**DIRECTIONS FOR THIS TASK**. Please keep the pictures out and write out exactly the lines from the first in the data below through the one containing "new large dog", both included.

**MATERIAL PROVIDED**.

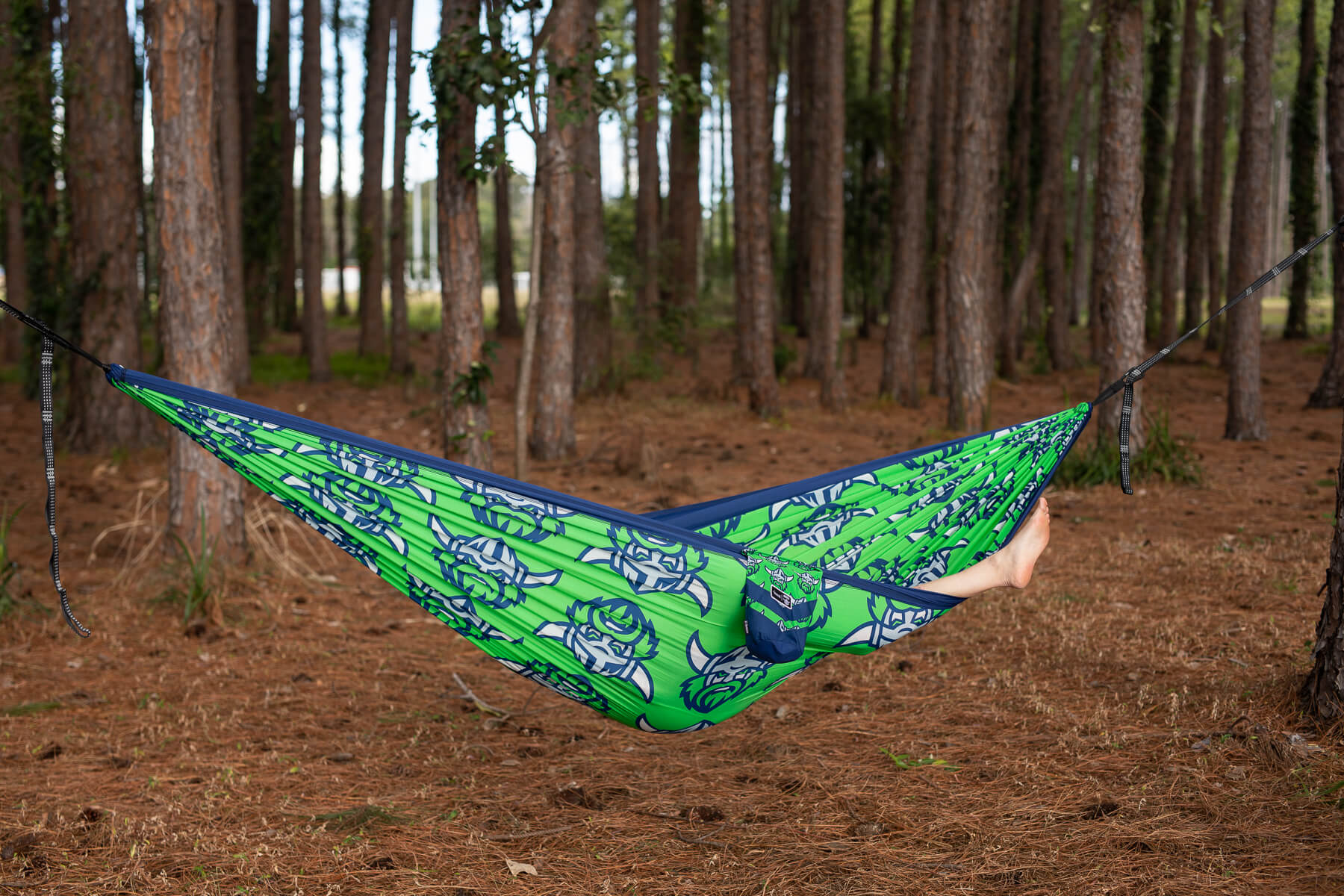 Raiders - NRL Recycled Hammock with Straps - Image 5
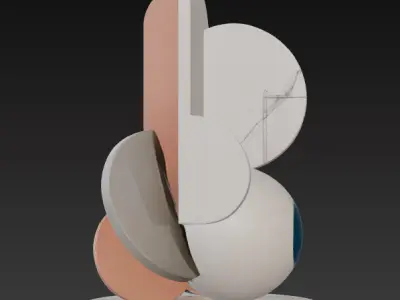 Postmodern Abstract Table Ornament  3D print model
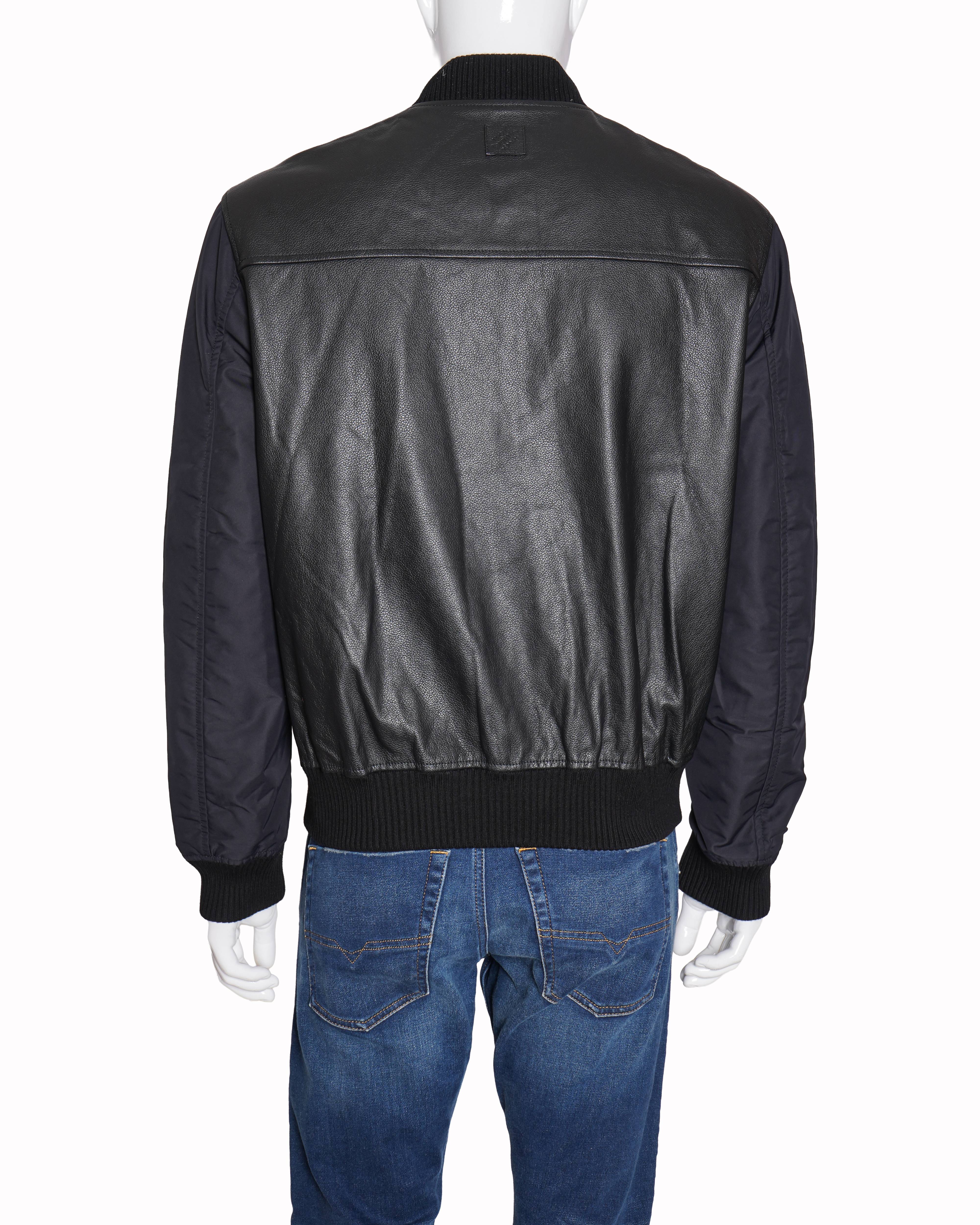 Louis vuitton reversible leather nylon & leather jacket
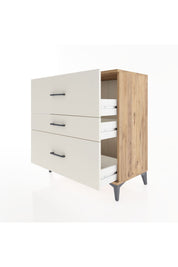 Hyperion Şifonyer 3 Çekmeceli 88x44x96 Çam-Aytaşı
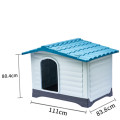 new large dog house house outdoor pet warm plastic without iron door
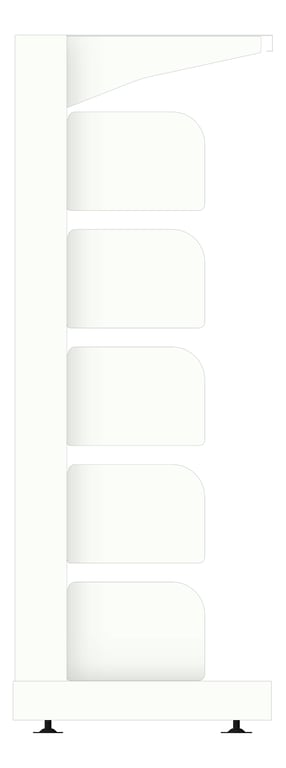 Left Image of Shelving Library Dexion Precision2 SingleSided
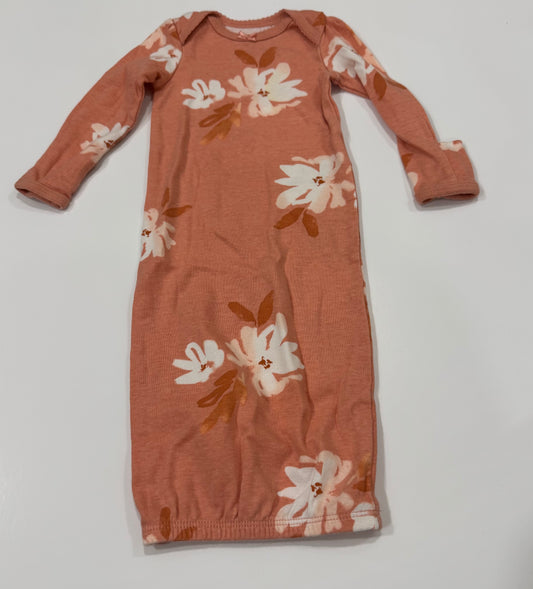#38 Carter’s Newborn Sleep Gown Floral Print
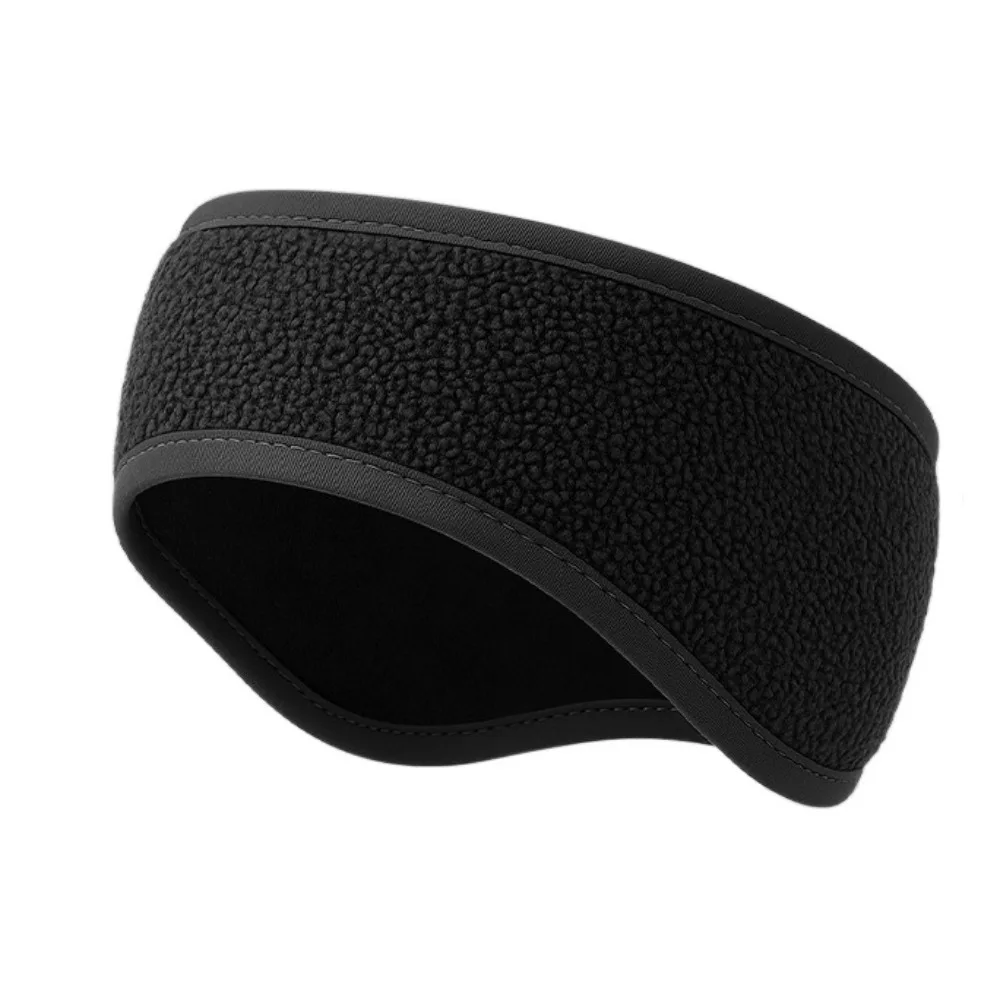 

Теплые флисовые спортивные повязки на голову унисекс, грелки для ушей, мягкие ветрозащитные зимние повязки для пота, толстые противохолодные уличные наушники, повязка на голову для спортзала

**FINISHED TASK**.
 Raiders - NRL Recycled Hammock with Straps - Image 5
 Postmodern Abstract Table Ornament  3D print model
 Louis vuitton reversible leather nylon & leather jacket
 Hyperion Şifonyer 3 Çekmeceli 88x44x96 Çam-Aytaşı
 new large dog house house outdoor pet warm plastic without iron door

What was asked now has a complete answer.